Hatta biraz daha ayrıntıya girip İngiliz varyantı mutasyonlu virüsün yanı sıra 3 vakada Brezilya, 157 vakada da Güney Afrika varyantının görüldüğünü söyleyen Sağlık Bakanı Fahrettin Koca’nın bu söyledikleri ile kendisinin de kalabalık olabileceğini öngöremeyip katıldığı için özür dilediği cenaze töreni de dahil olmak üzere partisinin kongrelerinde yaşananlar arasında nasıl bir ilişki kuruyor ve anlamlandırma yapıyorsunuz Allah aşkına?
Sözlerine, “Bu konuyu gündemde tutmanın kimseye faydası olmadığı kanaatindeyim” gibi -kendince- bir ‘güvenlik alanı’ oluşturarak başlayan Koca’nın, böylece oluşturduğu ‘büyük boşluk’, “herkesin bu mücadelede üzerine düşen sorumluluğun gereğini yapması gerektiği kanaatindeyim” ifadesiyle doldurulabilir mi?
Ve devamla, tam da bizzat ‘tebrik ettiği’ lebalep dolu kongre organizatörlerinin “üzerlerine düşen sorumluluğun gereğini yapmadıkları” yönünde bir anlam esintisi oluşturmuş gibiyken, yine o güvenlikli alana dönüp “Buradan bir ayrıcalık çıkarma hikayesi oluşturmak doğru olmaz” deme zorunluluğu hissetmesi dikkat çekiyor …
Ama böyle olmaz ki Sayın Bakan … Bulaş riski artan ve ülkemizin neredeyse tamamının ‘çok yüksek riskli’ hale getirildiği koşullarda, köklü-bilimsel tedbirlerin alınıp uygulanması yerine sizinki gibi -sözümona- ‘tedbirli-kaçamak ifadeler’le, birbiriyle çatışan ‘kanaatlerle’ hiçbir yere varılamaz ki Sayın Bakan!
Yaşadıklarımızın bütün sorumluluğunu ‘sorumsuz vatandaş’ adresine fatura etmeye çalışarak hiçbir yere kaçılamaz ki Sayın Bakan!
Sevgili ülkemizde yaklaşık 20 yıldır iktidar sorumluluğu taşıyanların kaçıp kurtulmaya çalıştıkları sorumluluklarını onların yüzüne yüzüne söyleyebilmek gerekir.
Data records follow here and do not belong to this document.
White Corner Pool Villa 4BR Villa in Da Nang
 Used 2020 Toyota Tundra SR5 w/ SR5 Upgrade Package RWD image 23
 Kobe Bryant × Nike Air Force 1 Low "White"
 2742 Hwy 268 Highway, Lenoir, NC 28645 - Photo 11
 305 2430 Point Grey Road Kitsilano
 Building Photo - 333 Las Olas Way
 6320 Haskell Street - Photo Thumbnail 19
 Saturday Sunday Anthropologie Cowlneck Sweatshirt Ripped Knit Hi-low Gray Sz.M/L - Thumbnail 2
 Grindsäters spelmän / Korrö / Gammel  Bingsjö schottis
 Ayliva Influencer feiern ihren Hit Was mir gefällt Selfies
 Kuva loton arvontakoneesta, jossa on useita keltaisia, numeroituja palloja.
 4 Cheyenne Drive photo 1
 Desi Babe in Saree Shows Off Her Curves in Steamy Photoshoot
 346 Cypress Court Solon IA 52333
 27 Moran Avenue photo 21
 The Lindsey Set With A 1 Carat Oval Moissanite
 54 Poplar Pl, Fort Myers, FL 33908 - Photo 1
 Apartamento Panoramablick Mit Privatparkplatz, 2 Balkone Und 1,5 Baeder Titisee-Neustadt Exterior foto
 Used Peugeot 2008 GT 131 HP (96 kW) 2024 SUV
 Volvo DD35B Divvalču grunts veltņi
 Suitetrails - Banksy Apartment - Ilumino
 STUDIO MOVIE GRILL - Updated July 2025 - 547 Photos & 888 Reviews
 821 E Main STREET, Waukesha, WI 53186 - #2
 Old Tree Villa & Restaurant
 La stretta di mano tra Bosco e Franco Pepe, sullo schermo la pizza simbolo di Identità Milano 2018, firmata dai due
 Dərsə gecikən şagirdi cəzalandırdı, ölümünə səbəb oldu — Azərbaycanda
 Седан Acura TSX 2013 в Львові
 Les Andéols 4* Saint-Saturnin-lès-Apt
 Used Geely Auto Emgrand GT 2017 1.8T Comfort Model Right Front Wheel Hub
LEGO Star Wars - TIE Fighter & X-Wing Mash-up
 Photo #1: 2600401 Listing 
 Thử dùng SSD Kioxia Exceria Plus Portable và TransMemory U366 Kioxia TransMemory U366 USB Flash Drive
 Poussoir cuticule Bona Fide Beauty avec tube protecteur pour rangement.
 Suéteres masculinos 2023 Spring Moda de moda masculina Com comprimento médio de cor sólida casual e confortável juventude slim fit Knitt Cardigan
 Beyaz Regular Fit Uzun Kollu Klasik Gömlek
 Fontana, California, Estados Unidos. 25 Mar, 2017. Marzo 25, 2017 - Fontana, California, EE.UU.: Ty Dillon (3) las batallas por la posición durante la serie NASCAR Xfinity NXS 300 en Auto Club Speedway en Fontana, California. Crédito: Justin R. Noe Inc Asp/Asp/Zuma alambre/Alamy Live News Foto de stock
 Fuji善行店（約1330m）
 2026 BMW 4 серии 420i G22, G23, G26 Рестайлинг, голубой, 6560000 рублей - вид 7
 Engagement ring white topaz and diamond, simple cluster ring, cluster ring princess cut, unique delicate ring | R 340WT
Bundan kaçış, çıkış, kurtuluş yolu olmadığını sürekli anımsatmak gerekir. Bu anlamda bir çıkış-kurtuluş yolu aramanın da beyhude olduğunu, lafı hiç dolandırmadan, doğrudan, ‘yanlışa yanlış, doğruya doğru diyebilmek’ gerekir. Sorumluluklarını yüklenmek istemeyen, sorumluluklarından kaçıp saklanmaya çalışan ‘gerçek sorumlular’ı tarihsel sorumluluklarıyla sobelemek için sözü dolandırmanın hiç gereği yok Sayın Bakan.
Bir başka anımsatma: Ayinesi iştir kişinin lafa bakılmaz. Dolayısıyla dünya üzerinde boş boş bakan, boş konuşan insanlar durumuna düşmemek için gereği neyse, bazı riskleri de göze alarak yapabilmeliyiz. Dünyaya, ülkemize, etrafımıza bu gözle, yani saklananları bulup çıkarmak için bakabilmeli ve gereken ne ise söyleyebilmeliyiz …
Ha bir de, merak edilebilir belki: Risk derken, örneğin ‘bakanlık koltuğunu kaybetme ya da terketme ihtimali’ bir risktir. Göze alınabilmelidir. Ve şu çok yaygın olarak bilinen bir durumdur ki; makam koltukları, onları gerçek anlamda doldurabilenlerle anılır …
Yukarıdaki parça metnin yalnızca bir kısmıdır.